The role of social media has also changed the nature of the items that are thrown onto the stage. Instead of throwing a note, some throw heavy cell phones onto the stage, hoping the performer will pick them up and record a moment for them. In some cases, it ends up being a dangerous demand for attention.

A man has been arrested after throwing a cellphone that hit pop star Bebe Rexha in the face on June 18. According to a criminal court complaint, the man later told a third party that he hit the artist because he thought it “would be fun.” After her concert in New York, Rexha shared a photo of her black eye and her bandaged face on Instagram, giving her a thumbs up.

“I’m fine,” he said in the post.

“Although the show ended unfortunately, it was an amazing show in my hometown,” he wrote in a subsequent post.

While female artists have been targeted this month, including singer Ava Max, who was slapped at her Los Angeles show, even male artists like Harry Styles have faced projectiles heavier than underwear. At a November 2022 concert, Styles could be seen throwing his head back in pain after a projectile hit him in the eye.

Taunts from fans in the middle of a concert aren’t necessarily new: Rock legend Ozzy Osbourne bit off the head of a live bat after a fan threw it at him on stage. Some punk fans may remember the days when concertgoers would spit on performers to show their appreciation.

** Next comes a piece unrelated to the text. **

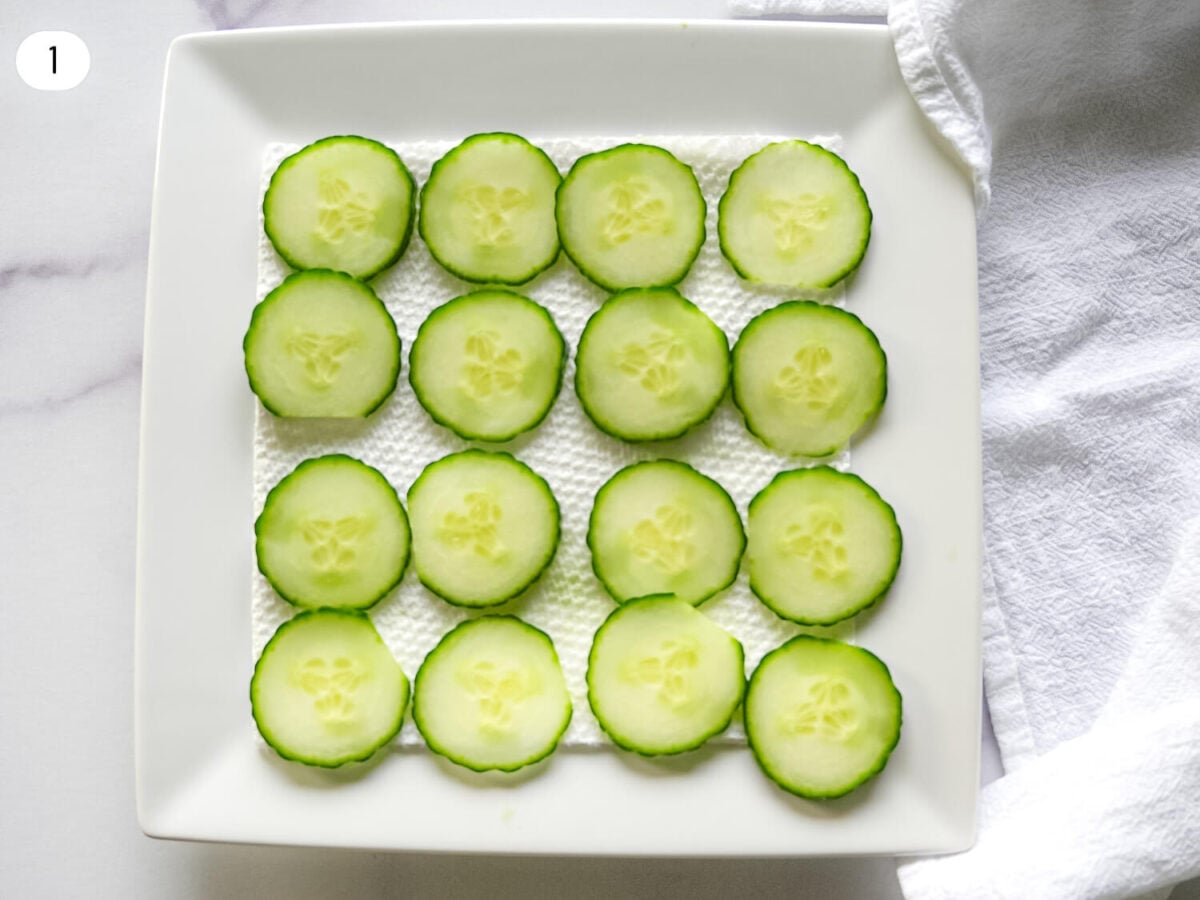 step one photo of sliced cucumbers being dried out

But with such behavior seemingly becoming more common, venues, promoters and artists could look to tighten security.

Paul Wertheimer, founder of Crowd Management Strategies/Crowdsafe, said performers often have security contracts with the promoter that list what kind of security the performer will pay for or want at the show. Venues may also decide to limit what can be brought in or sold in the event space.

“You need to have adequate security to protect the artist”Wertheimer said.

Following the deadly surge of Astroworld crowds of 2021, safety protocols at concerts have been called into question. With recent advances in surveillance technology such as facial recognition and AI-powered crowd monitoring, fans may no longer be able to vanish into a crowd after throwing a personal item at their beloved artist, even if they do. joking.